Le 27 novembre sera-il le jour le plus important de l'année pour le rap français ?

Les nouveaux albums de Dinos et 13 Block, une mixtape de Captaine Roshi, la première compilation du tout nouveau label de Vald, le retour improbable de Sinik et la confirmation de rookies sur long format : ce vendredi est possiblement le meilleur jour de l’année. Du rap français, mais pas que.
  • C’est devenu une sorte de rituel : chaque vendredi, le rap a pris l’habitude d’accueillir une flopée d’albums, condamnant l’auditeur à une course effrénée pour tenter (souvent vainement) de suivre le rythme imposé par l’industrie musicale. Le 27 novembre 2020 n’échappe pas à la règle. Mieux, il la sublime avec de multiples projets capables d’aller tutoyer les disques d’or.

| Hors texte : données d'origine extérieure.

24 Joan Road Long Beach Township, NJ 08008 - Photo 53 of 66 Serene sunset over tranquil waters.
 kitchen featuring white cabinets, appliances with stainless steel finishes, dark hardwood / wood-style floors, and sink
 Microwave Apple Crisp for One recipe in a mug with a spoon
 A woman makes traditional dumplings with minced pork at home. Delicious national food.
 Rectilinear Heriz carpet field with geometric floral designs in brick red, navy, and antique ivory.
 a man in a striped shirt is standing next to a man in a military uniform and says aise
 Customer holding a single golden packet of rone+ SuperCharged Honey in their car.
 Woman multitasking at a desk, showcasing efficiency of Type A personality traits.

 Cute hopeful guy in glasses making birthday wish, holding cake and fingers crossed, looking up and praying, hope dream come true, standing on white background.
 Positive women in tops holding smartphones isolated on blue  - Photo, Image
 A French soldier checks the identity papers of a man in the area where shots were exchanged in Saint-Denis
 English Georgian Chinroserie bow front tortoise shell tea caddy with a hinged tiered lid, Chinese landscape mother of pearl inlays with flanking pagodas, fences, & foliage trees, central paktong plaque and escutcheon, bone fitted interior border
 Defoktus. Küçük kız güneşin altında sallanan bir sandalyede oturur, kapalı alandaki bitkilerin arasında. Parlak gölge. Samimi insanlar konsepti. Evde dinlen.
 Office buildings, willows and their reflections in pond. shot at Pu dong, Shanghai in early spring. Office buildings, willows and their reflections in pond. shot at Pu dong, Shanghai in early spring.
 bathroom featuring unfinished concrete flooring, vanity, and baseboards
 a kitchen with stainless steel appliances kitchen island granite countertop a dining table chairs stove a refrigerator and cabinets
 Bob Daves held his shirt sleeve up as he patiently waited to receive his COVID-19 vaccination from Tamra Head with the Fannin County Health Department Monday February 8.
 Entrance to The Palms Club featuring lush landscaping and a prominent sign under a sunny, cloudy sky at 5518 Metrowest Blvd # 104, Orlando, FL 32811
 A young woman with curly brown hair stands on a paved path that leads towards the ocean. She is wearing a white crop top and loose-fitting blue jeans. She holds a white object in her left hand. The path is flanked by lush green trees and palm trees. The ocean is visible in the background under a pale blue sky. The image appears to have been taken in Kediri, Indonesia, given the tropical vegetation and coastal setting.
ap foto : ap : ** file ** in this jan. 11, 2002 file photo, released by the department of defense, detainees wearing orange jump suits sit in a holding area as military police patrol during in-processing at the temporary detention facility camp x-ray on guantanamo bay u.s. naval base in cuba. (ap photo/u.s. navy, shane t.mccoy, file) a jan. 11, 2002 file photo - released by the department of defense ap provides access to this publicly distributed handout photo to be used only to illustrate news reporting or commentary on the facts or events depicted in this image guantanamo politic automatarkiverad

    Il y a déjà « Stamina », deuxième album de l’année pour Dinos, où le rappeur de la Courneuve explore une fois de plus son spleen dans des morceaux qui, s'ils n'incitent pas à la gaudriole, refusent de s'enfermer dans des mélodies trop pesantes, voire indigestes. Mieux, Dinos choisit ici d'ouvrir son univers à d'autres rappeurs, parfois émergents (Zefor, Zikxo, Leto), d’autres fois plus respectés et populaires (Laylow, Nekfeu).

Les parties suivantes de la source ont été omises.